OBSERVATIONS FROM THE FINTECH SNARK TANK
Last month, the Wall Street Journal reported that some Apple Card Savings account holders experienced issues moving money out of their Apple savings account to an external bank account.
In an effort to placate disgruntled customers, Apple announced this week that it would offer a $100 “goodwill credit” to affected account holders. According to 9t05 Mac, Apple notified “at least some” of the Apple Card Savings Account users affected by the delay. The email said:
“The experience we provided for a withdrawal request you made for your Savings account in May did not meet our standards.
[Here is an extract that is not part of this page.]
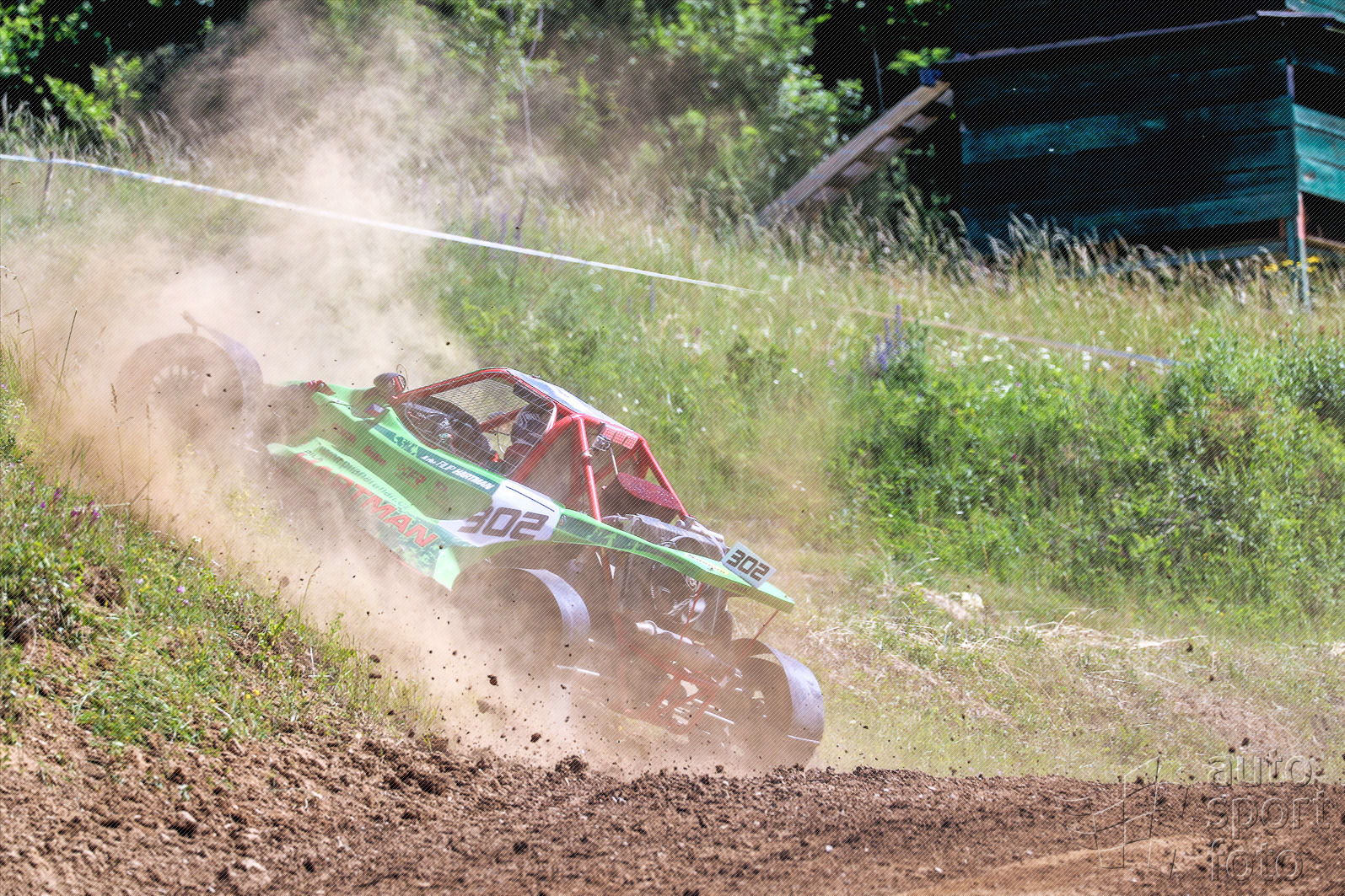 Tibor Szabosi;c30i6088-5.jpg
Thank you for your patience while we completed our internal reviews. We are making a one- time goodwill credit of $100 to your Savings account as a courtesy to you for this experience. You will see this deposit in Wallet as Adjustment-Credit.”
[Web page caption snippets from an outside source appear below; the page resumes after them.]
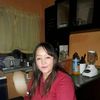 noeliamontiel288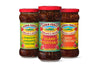 Kona Coast Variety Pack (3 Pack) | Paradise Pineapple Teriyaki Marinade & Grilling Sauce 15 oz, Island Teriyaki Marinade & Grill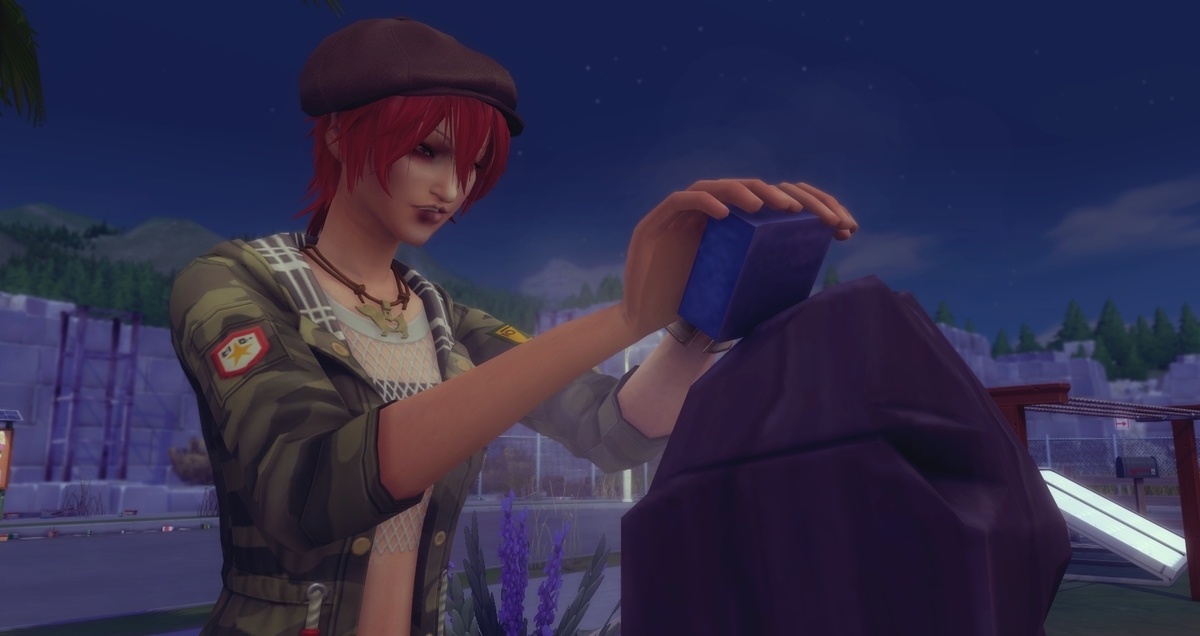 f:id:abcdmattya:20200825223433j:plain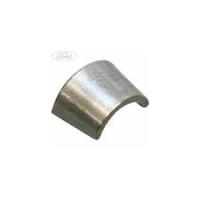 Сухарь клапана 1,8-2,0 DURATEC / 2,0 Ecoboost 1паз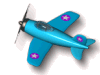 Captcha image 8387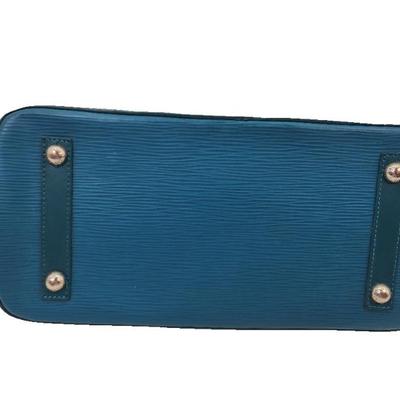 Sale Photo Thumbnail #365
To prevent future issues, Apple notified customers that ACH transfers take up to three business days to process, and that the processing time, doesn’t include the time it takes for the money to move to the external account. Apple also changed how it calculates maximum balances for Apple Card Savings Accounts.
Goodwill Credits Could Cost Apple $200 Million
9to5 Mac reported that Apple notified “at least some” of its savings account customers. How much is “some”?
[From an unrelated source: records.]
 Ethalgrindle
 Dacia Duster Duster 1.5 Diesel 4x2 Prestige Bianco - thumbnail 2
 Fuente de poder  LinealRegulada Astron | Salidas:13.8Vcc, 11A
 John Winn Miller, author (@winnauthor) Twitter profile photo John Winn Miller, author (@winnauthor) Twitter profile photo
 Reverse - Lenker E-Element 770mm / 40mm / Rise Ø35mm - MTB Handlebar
A recent study from Cornerstone Advisors sheds some light on that question, and on what the goodwill credits could ultimately cost Apple.
Cornerstone’s survey—fielded in the last week of June—identified 515 Apple Card holders. Of those cardholders, 59% said they have opened an Apple Savings account. Among the Savings accountholders, three-quarters indicated that they tried to move money out of the account, and 60% of them had trouble doing so.
So how much will the goodwill credits cost Apple? Well, that depends on how many Apple Card holders there are.
Based on a consumer survey fielded at the beginning of 2022, I estimated that 6.4 million consumers held an Apple Card. With the newer survey in hand, I’m not ready to publicly update that estimate, but it’s reasonable to believe that—given the aggressive marketing push Goldman Sachs and Apple have done in the past year—that the number of cardholders has grown to 7.5 million to 8 million.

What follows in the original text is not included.